◆ What this task involves: Transcribe exactly everything in the data below from the line containing "Amazon parts supply chain" down to the line containing "Fiber Optic Temperature Sensor", both lines included and nothing further.
= = = = =
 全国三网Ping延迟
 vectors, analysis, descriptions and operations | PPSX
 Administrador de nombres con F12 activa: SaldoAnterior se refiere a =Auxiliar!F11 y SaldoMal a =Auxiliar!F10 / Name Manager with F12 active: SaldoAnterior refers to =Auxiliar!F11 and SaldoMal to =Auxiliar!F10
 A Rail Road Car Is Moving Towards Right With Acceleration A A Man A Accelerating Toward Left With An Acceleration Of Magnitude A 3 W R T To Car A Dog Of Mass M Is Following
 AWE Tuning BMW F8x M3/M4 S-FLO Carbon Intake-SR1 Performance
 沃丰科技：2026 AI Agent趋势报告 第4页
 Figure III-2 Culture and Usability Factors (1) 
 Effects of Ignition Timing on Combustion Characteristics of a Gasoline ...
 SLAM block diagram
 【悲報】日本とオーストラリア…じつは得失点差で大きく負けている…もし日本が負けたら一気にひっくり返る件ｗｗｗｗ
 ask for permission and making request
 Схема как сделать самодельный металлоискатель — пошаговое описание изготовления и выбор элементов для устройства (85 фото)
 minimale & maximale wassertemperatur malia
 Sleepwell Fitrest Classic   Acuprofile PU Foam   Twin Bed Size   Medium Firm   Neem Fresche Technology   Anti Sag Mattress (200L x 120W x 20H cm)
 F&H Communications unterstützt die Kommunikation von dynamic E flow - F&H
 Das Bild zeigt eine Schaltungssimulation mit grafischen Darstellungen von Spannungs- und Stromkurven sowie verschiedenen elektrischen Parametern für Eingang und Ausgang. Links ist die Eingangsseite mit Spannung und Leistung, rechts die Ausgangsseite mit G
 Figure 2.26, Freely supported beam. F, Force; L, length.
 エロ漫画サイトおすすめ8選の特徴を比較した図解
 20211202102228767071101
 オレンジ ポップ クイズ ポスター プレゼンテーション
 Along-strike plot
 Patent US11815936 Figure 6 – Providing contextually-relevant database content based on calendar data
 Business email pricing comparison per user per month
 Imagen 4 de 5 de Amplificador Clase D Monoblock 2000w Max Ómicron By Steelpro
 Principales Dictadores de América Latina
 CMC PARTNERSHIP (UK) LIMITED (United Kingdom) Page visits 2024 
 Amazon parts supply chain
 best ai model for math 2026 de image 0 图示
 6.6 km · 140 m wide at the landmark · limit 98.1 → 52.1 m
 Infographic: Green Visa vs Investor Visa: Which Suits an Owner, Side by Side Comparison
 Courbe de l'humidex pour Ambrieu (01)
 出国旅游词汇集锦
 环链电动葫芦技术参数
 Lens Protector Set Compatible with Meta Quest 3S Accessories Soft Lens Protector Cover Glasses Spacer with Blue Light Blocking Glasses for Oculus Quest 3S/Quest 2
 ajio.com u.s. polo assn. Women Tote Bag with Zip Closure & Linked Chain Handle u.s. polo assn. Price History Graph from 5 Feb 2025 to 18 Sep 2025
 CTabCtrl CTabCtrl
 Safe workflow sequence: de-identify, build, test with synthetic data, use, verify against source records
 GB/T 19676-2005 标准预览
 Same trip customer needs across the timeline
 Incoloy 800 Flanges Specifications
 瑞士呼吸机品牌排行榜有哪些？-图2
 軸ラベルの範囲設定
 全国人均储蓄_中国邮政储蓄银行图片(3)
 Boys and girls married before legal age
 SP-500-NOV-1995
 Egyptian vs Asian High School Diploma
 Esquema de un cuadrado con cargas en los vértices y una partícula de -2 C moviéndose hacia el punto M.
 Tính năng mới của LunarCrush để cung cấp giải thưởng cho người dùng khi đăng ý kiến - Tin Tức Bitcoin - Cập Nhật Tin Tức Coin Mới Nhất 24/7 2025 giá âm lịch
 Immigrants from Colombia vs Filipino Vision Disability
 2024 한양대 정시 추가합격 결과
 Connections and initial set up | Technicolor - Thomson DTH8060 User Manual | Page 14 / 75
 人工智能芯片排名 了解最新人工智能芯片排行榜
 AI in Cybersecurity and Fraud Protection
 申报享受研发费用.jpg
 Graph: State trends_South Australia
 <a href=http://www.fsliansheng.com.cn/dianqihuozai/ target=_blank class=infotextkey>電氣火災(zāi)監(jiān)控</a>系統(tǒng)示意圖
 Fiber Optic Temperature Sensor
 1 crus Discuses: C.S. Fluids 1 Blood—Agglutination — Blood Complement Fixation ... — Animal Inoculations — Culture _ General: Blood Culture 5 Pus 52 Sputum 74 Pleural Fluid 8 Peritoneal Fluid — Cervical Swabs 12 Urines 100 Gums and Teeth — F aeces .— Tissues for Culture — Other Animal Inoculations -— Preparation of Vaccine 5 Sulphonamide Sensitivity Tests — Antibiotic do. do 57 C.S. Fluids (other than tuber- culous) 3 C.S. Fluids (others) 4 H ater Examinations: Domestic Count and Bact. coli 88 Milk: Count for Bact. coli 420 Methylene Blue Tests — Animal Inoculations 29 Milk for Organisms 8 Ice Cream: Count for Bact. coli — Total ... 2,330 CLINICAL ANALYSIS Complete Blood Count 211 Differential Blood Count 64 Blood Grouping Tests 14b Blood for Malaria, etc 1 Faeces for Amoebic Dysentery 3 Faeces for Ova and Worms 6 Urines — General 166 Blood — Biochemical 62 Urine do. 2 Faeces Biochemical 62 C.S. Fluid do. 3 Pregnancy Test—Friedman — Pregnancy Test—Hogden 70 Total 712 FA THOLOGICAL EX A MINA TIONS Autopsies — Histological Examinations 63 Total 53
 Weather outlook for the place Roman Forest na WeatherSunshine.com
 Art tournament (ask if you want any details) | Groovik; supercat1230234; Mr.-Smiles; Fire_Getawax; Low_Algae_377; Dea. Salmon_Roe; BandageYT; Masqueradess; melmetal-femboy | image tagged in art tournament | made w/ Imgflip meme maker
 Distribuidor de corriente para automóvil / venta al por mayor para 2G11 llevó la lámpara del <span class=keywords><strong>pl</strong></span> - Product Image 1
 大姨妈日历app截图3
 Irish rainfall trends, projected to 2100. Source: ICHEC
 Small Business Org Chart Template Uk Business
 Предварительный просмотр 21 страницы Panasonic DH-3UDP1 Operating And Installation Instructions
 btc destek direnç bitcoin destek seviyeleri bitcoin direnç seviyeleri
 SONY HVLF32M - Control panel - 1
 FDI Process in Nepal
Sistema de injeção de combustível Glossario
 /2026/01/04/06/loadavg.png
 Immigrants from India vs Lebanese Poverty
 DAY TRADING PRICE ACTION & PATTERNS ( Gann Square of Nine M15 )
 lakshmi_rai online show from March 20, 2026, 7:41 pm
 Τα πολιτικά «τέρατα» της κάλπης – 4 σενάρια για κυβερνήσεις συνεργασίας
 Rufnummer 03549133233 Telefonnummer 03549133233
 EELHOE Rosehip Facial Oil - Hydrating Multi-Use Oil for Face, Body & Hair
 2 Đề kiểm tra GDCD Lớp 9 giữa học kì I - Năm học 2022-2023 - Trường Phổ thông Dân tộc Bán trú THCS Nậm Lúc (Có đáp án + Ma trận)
= = = = =
◆ Response to this exercise:
 Amazon parts supply chain
 best ai model for math 2026 de image 0 图示
 6.6 km · 140 m wide at the landmark · limit 98.1 → 52.1 m
 Infographic: Green Visa vs Investor Visa: Which Suits an Owner, Side by Side Comparison
 Courbe de l'humidex pour Ambrieu (01)
 出国旅游词汇集锦
 环链电动葫芦技术参数
 Lens Protector Set Compatible with Meta Quest 3S Accessories Soft Lens Protector Cover Glasses Spacer with Blue Light Blocking Glasses for Oculus Quest 3S/Quest 2
 ajio.com u.s. polo assn. Women Tote Bag with Zip Closure & Linked Chain Handle u.s. polo assn. Price History Graph from 5 Feb 2025 to 18 Sep 2025
 CTabCtrl CTabCtrl
 Safe workflow sequence: de-identify, build, test with synthetic data, use, verify against source records
 GB/T 19676-2005 标准预览
 Same trip customer needs across the timeline
 Incoloy 800 Flanges Specifications
 瑞士呼吸机品牌排行榜有哪些？-图2
 軸ラベルの範囲設定
 全国人均储蓄_中国邮政储蓄银行图片(3)
 Boys and girls married before legal age
 SP-500-NOV-1995
 Egyptian vs Asian High School Diploma
 Esquema de un cuadrado con cargas en los vértices y una partícula de -2 C moviéndose hacia el punto M.
 Tính năng mới của LunarCrush để cung cấp giải thưởng cho người dùng khi đăng ý kiến - Tin Tức Bitcoin - Cập Nhật Tin Tức Coin Mới Nhất 24/7 2025 giá âm lịch
 Immigrants from Colombia vs Filipino Vision Disability
 2024 한양대 정시 추가합격 결과
 Connections and initial set up | Technicolor - Thomson DTH8060 User Manual | Page 14 / 75
 人工智能芯片排名 了解最新人工智能芯片排行榜
 AI in Cybersecurity and Fraud Protection
 申报享受研发费用.jpg
 Graph: State trends_South Australia
 <a href=http://www.fsliansheng.com.cn/dianqihuozai/ target=_blank class=infotextkey>電氣火災(zāi)監(jiān)控</a>系統(tǒng)示意圖
 Fiber Optic Temperature Sensor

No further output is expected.